Thursday, March 16, 2006

COLUMNIST LUCY KELLAWAY竟然在FT開了一個類似“金夫人信箱” 之類的物體﹐跟人提供人事工作上的意見。她也會邀請所有讀者一起發表看法。

昨天的問題﹐來自一位年過三十五的律師。他的問題如下﹕

I did not grow up wanting to be a lawyer, I just ended up there because I had good grades and was attracted to the big salary. I left everything in my early 30s and travelled the world for two years, but then I had to come back to law-related work to pay the mortgage. Now I’m in my late 30s and desperately want to do something meaningful. But I have obligations, have acquired a lifestyle. So I lack the courage to change completely, to give up the big salary, even though I know I could be much happier living another life…but how to get there? Lawyer, male, 30s, London

有一位銀行家﹐以他差不多三十年的工作經驗﹐建議這位律師重新捲起衣袖﹐再次投入現時工作。他以為﹐在三十歲這樣的黃金時期﹐離開工作崗位﹐環遊世界﹐一定會給將來的僱主一個很壞的印象。況且﹐才工作了幾年光陰﹐便能在世界漫遊兩年﹐回來後一定會感到失去方向。唯有重頭開始﹐方是解決眼前和未來問題的方法。這位賓架說﹐IN OTHER WORDS﹐GROW UP。

另有一位六十歲的老人家跟大家分享他的經驗。原來﹐十年前﹐他便作了一個很大的決定﹕放棄一份高薪優差﹐全身投入攝影上面。那時候﹐朋友都笑他傻﹑笑他瘋。不過﹐他堅持己見﹐相信ART IS NOTHING WITHOUT CCONTEXT AND THE CONTEXTI S COMMITMENT。經過十年努力﹐他以為自己算是略有成就﹐心靈總算找到一點安寧。所以﹐他叫那位律師不好理會那條BUNGEE CORD有沒有繫緊﹐只管無悔地從萬丈高臺跳下去。

也有些讀者提議他建立一個家庭﹐甚至生一個小孩。因為他的MORTGAGE將會因此變得有意義。一位過來人同意他應該娶一位律師。便是因為她嫁了給律師行的PARTNER﹐她才能離開法律界﹐依賴著老公的厚祿﹐在商場上創立起自己的生意來。

提供意見的人﹐最年輕的也過了四十。憑著20年的工作經驗﹐那些提議當然有可取的地方。不過﹐就算是多麼有見地的建議﹐也該只能做個參考。因為這是我自己的生命﹐那是他們的生命。我永遠不會是他﹐他也永遠不會是我。我常以為﹐走著別人走過的路的人是在浪費生命。要知道﹐世上根本不需要兩個他﹐也不需要兩個你。世界精彩美麗﹐因為有著各式各樣的人和事。不同的人跟不同的事﹐互相走在一起﹐方能產生另外一些更美麗﹑更精彩的東西。A+B=C﹐A+D=E。而A+A其實都是A。都離不開那個困局。
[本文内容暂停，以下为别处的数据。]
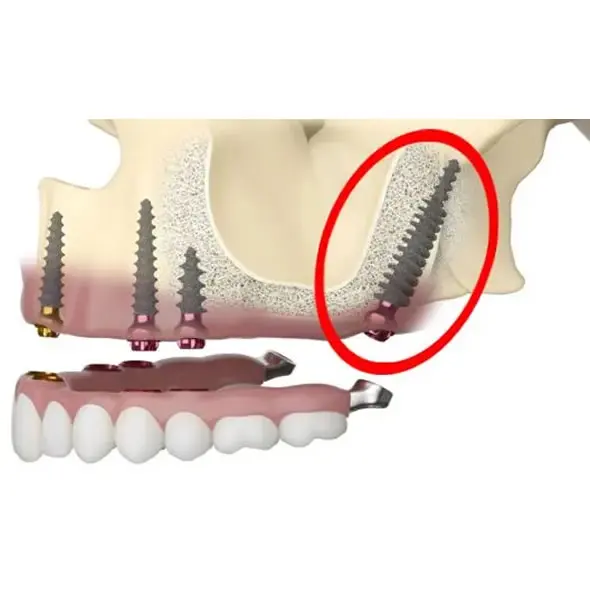 Implantes Pterigoideos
所以﹐聽取別人意見的時候﹐除了尊重個人的選擇外﹐我們更要清楚那些人下決定時﹐想過什麼﹐遇過什麼﹐聽過什麼。什麼決定其實都不重要。最重要的是那背後的想法﹕為什麼這樣決定。因此﹐我覺得克夫人的意見的確值得細讀。

You say you want your work to be “meaningful”. I cannot think of any work I would describe that way, expect possibly farming, teaching and nursing. All office work fails this test horribly.

Your predicament says more about you than about your job – I suspect you are generally fed up with life. When I get depressed journalism seems pointless; once I perk up the job starts to seem better too.

You need to ask yourself other, more practical things about the law. Are you good at it? Do you actually hate it? If so, why? And, most importantly, what else could you do that you would like better?

This is where you come unstuck. As you do not seem to have a fantasy (mine is about teaching maths), you would do better not to change career, but change your attitude towards it instead.

If you insist on clinging to your (optimistic) view that you would be happier in another job, try this. For the next six months live like a pauper on your handsome salary. And in every minute of spare time, actively research the other things you could do. Use your legal background to work for an NGO or do legal aid work, or retain as a barrister. Or consider something else altogether: become an organic ostrich farmer.

If an idea takes root, use your savings and do it. If not, make the best of your present job. Stop asking yourself what it means or whether you are happy. Find other nice things to do when you are not working and try to enjoy the money. And if you cannot enjoy it, give it to charity.

也許﹐你沒有什麼共鳴。因為你幸運﹐沒有遇到這樣荒謬的難題。可我是讀完再讀﹐想過又想的。

希望我現在是走對了路。至少﹐我有回一個目標。